The decision to head for Moscow, came so suddenly that there was not time to arrange for permission to overfly Czechoslovakia and officials said a squadron of fighters accompanied the plane across the country.

After Porcari commandeered the plane shortly after takeoff from Barcelona, the plane refueled in Algeria, and then flew to the Ivory Coast capital of Abidjan, where Porcari picked up Margarita and $140,000 in ransom, paid by officials of the West African nation.

From Abidjan, the plane headed back to Europe while Porcari passed out some of the ransom money among the passengers. The jet refueled in Seville, Spain. Porcari ordered champagne for his hostages, and they continued to Turin.

There, the hijacker released seven hostages and demanded that his other daughter Consuela be brought to him. Mrs. Zavoli refused.

The hijacker then ordered to plane to Zurich, where he negotiated by radio with an Italian official for about 90 minutes. Suddenly, police said, he terminated the conversation and ordered the plane to fly in the direction of France.

The plane returned to Zurich about 25 minutes later, apparently running low on fuel, and Porcari released nine more hostages. Then it took off and headed back to Turin before its sudden departure for Moscow, with a refueling step in Warsaw.
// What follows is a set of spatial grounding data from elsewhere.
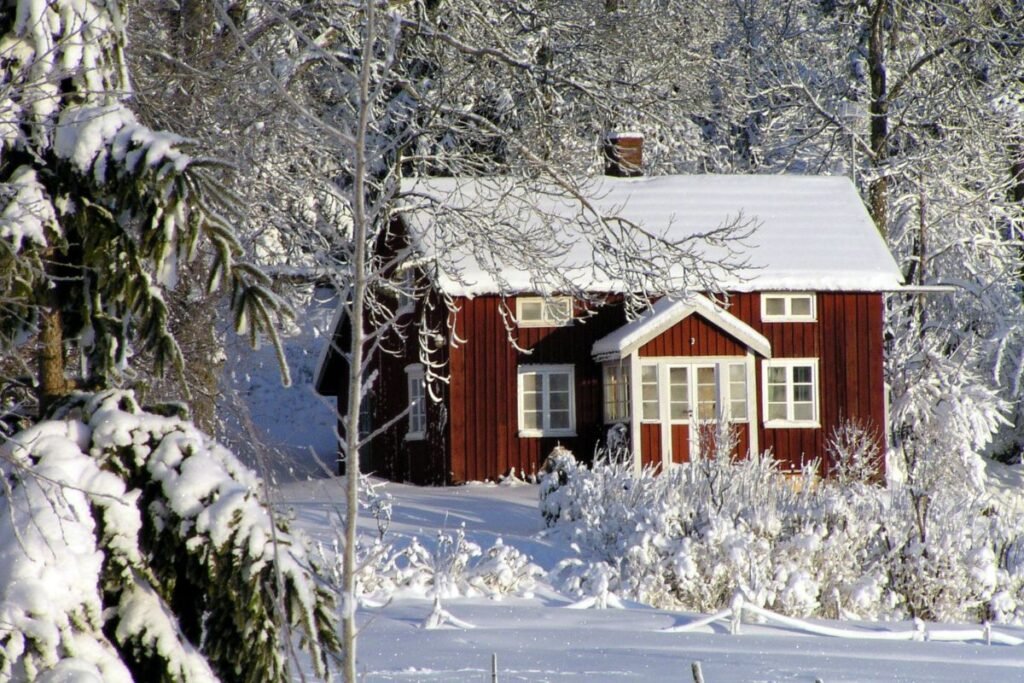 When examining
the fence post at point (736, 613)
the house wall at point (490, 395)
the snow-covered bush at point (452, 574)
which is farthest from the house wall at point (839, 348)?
the fence post at point (736, 613)

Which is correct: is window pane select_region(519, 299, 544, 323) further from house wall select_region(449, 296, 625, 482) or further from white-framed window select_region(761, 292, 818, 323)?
white-framed window select_region(761, 292, 818, 323)

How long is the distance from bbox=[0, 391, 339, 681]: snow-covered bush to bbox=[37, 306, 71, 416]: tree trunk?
31 centimetres

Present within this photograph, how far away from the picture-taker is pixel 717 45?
33.3 metres

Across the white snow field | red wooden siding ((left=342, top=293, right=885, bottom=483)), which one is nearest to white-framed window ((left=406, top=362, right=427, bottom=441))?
red wooden siding ((left=342, top=293, right=885, bottom=483))

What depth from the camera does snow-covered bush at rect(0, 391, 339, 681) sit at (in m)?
3.49

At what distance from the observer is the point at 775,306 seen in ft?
77.9

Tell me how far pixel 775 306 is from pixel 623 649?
49.7 feet

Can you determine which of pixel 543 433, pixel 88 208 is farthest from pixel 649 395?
pixel 88 208

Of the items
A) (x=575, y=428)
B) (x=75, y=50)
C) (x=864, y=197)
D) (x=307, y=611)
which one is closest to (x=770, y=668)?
(x=307, y=611)

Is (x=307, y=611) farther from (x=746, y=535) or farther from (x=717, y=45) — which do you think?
(x=717, y=45)

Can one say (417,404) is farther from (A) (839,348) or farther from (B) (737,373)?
(A) (839,348)

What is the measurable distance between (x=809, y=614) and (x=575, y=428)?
11.5 m

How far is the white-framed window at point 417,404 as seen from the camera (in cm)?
2395

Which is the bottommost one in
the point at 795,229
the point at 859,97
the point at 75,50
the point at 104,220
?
the point at 104,220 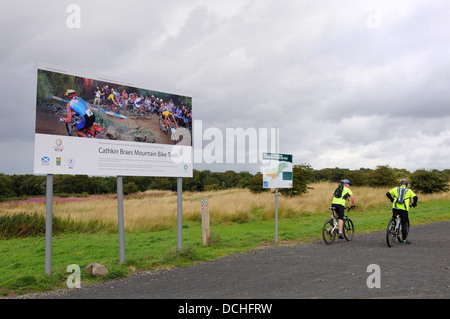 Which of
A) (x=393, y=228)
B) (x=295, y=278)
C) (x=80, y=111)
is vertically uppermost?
(x=80, y=111)

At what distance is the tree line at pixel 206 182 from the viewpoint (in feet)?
119

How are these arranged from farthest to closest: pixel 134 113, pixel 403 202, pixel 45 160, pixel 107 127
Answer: pixel 403 202 → pixel 134 113 → pixel 107 127 → pixel 45 160

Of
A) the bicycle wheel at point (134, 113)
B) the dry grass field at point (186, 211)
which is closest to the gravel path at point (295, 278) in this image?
the bicycle wheel at point (134, 113)

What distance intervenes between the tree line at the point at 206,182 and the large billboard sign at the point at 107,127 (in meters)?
21.3

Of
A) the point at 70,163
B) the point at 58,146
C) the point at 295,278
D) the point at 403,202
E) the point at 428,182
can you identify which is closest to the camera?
the point at 295,278

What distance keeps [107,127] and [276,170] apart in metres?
6.23

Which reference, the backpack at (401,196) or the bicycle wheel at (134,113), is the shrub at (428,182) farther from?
the bicycle wheel at (134,113)

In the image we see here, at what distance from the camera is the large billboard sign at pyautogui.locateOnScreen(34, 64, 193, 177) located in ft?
28.2

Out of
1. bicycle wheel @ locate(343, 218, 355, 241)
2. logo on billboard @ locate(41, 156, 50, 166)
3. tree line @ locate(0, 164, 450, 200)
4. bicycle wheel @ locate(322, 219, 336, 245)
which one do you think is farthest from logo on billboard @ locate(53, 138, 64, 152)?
tree line @ locate(0, 164, 450, 200)

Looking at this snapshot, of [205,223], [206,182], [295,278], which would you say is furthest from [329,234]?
[206,182]

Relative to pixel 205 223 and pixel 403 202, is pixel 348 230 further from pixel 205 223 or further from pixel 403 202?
pixel 205 223

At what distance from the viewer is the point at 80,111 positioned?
921cm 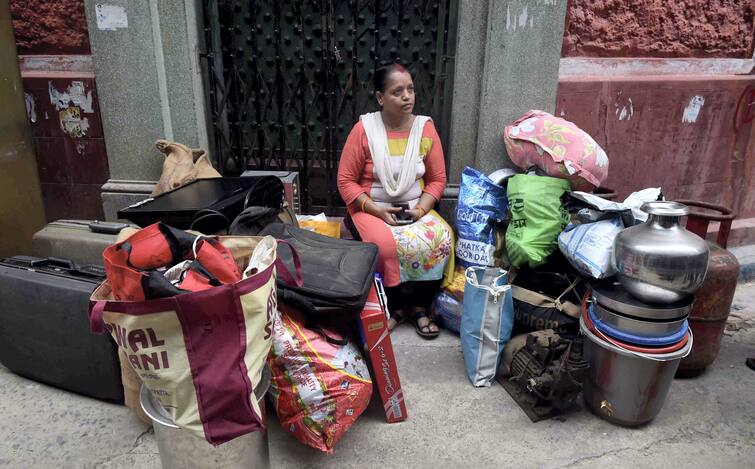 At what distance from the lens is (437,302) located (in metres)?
3.24

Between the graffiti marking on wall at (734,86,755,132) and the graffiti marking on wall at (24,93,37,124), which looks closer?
the graffiti marking on wall at (24,93,37,124)

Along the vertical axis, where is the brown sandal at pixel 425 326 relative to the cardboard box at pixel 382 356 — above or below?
below

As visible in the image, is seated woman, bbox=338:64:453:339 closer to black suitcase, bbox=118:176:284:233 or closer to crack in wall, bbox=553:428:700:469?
black suitcase, bbox=118:176:284:233

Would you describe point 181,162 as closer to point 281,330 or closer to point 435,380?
point 281,330

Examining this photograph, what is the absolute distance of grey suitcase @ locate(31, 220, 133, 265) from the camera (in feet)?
9.19

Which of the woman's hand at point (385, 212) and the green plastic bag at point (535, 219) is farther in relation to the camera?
the woman's hand at point (385, 212)

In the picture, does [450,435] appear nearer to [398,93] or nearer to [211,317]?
[211,317]

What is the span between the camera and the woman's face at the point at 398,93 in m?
3.05

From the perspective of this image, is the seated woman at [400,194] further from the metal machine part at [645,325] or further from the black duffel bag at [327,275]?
the metal machine part at [645,325]

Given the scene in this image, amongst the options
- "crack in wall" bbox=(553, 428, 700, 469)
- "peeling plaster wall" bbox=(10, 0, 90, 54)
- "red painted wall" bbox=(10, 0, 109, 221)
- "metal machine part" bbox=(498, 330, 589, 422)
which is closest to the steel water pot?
"metal machine part" bbox=(498, 330, 589, 422)

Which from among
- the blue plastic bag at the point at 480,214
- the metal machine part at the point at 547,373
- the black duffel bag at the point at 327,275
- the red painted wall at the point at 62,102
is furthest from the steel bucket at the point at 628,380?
the red painted wall at the point at 62,102

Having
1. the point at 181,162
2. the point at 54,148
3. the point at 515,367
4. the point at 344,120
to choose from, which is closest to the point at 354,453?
the point at 515,367

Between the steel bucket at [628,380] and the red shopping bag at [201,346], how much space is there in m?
1.67

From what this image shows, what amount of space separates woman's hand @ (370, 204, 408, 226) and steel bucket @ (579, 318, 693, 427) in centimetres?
131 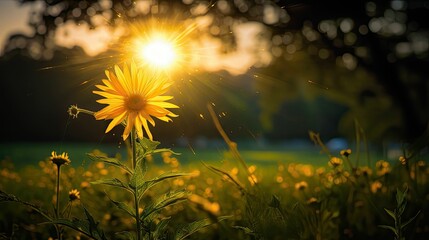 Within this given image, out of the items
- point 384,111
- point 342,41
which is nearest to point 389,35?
point 342,41

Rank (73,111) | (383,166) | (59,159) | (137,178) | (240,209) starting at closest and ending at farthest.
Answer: (137,178) < (73,111) < (59,159) < (240,209) < (383,166)

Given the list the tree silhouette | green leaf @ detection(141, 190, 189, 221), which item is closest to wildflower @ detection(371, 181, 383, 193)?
green leaf @ detection(141, 190, 189, 221)

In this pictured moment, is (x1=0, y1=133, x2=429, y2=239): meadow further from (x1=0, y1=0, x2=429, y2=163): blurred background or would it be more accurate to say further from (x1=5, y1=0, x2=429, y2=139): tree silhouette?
(x1=5, y1=0, x2=429, y2=139): tree silhouette

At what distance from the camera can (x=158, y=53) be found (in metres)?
1.85

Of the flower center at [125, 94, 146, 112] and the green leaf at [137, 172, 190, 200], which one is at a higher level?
the flower center at [125, 94, 146, 112]

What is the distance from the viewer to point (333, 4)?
7.23 m

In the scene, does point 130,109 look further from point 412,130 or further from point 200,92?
point 412,130

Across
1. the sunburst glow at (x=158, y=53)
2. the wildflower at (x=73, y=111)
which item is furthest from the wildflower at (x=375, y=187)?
the wildflower at (x=73, y=111)

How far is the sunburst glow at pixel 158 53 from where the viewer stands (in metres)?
1.74

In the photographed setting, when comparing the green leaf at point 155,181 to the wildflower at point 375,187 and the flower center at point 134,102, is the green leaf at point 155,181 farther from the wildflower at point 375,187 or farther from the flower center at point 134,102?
the wildflower at point 375,187

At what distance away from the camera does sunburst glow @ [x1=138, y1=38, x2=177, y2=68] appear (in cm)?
174

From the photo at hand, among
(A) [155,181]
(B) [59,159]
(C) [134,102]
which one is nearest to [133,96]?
(C) [134,102]

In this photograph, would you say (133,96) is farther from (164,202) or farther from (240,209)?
(240,209)

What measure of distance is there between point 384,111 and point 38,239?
1253 centimetres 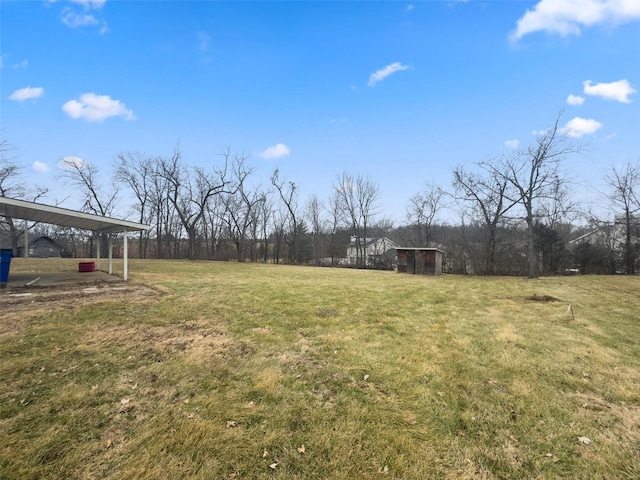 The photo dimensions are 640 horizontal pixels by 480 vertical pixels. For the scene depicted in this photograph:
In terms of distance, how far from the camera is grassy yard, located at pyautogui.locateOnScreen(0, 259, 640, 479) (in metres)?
2.10

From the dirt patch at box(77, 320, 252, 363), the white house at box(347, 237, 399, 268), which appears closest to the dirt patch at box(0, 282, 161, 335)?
the dirt patch at box(77, 320, 252, 363)

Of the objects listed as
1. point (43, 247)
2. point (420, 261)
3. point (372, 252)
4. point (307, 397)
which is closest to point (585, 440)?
point (307, 397)

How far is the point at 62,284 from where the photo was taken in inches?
350

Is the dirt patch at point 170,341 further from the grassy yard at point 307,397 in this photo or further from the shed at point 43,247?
the shed at point 43,247

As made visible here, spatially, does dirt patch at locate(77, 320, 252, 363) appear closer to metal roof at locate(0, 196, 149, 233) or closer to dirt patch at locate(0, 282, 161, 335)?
dirt patch at locate(0, 282, 161, 335)

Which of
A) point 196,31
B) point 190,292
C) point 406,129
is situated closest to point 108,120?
point 196,31

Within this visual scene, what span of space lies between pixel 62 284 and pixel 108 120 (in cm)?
1272

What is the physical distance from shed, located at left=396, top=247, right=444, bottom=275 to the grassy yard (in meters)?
11.7

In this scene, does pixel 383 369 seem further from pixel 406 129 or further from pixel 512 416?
pixel 406 129

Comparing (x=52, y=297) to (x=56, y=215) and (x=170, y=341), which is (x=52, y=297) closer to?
(x=56, y=215)

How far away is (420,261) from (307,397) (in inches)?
641

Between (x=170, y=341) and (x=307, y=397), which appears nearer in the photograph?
(x=307, y=397)

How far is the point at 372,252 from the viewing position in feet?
102

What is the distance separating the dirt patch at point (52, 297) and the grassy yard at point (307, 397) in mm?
91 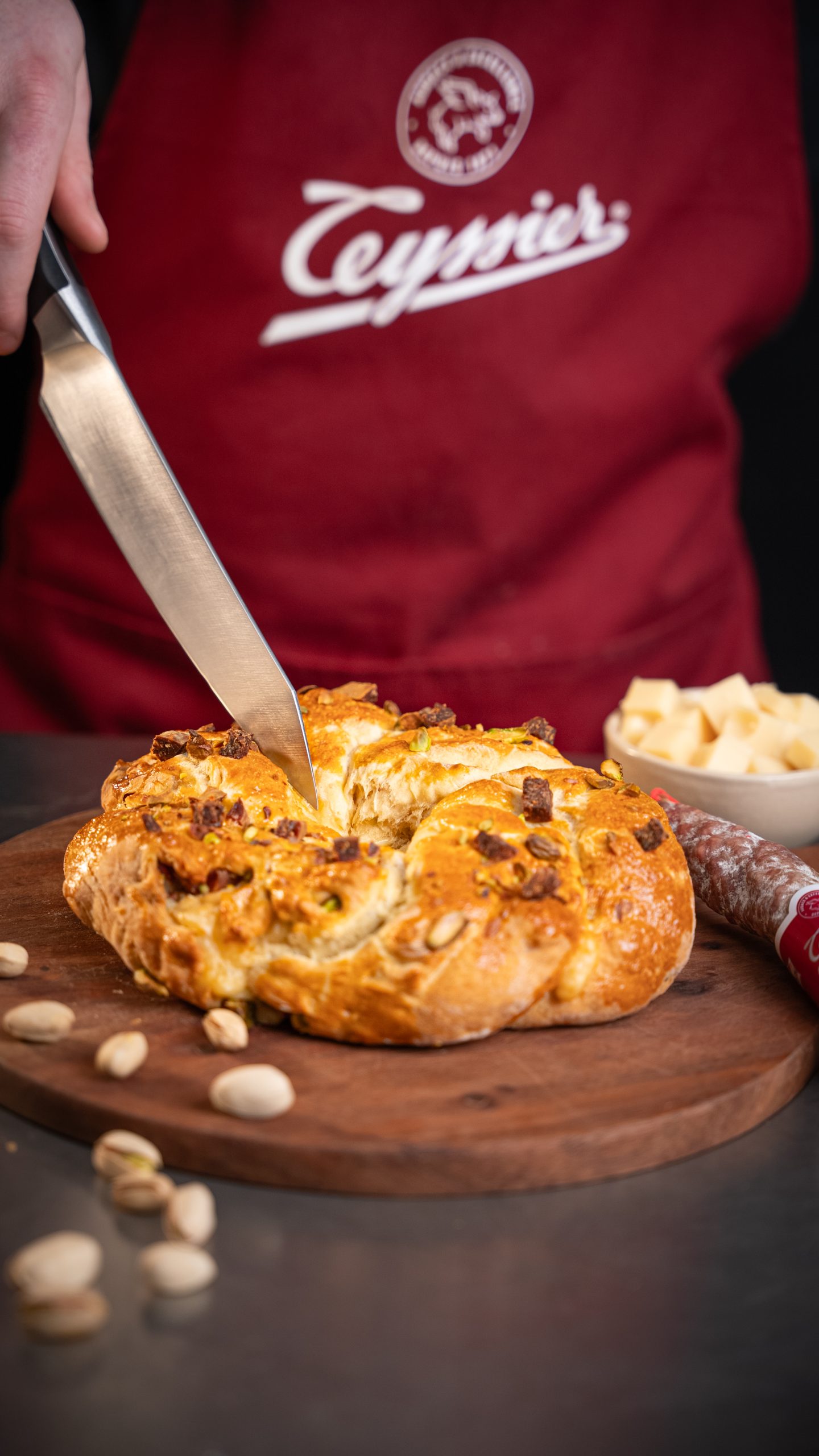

Some hostages freed by Porcari in Turin told police they were not mistreated and their main worry was that police might try to storm the plane. One of them, lawyer Francesco Tamarit Crespo of Barcelona, said Poncari was "a dangerous man" whose mood changed quickly when the plane landed.

When the plane was in flight, he was friendly, I would say almost elegant, courteous," Tamarit Crespo said. "When the plane touched down, he completely changed personality. He became wild, nervous, dangerous in fact, and he instilled fear."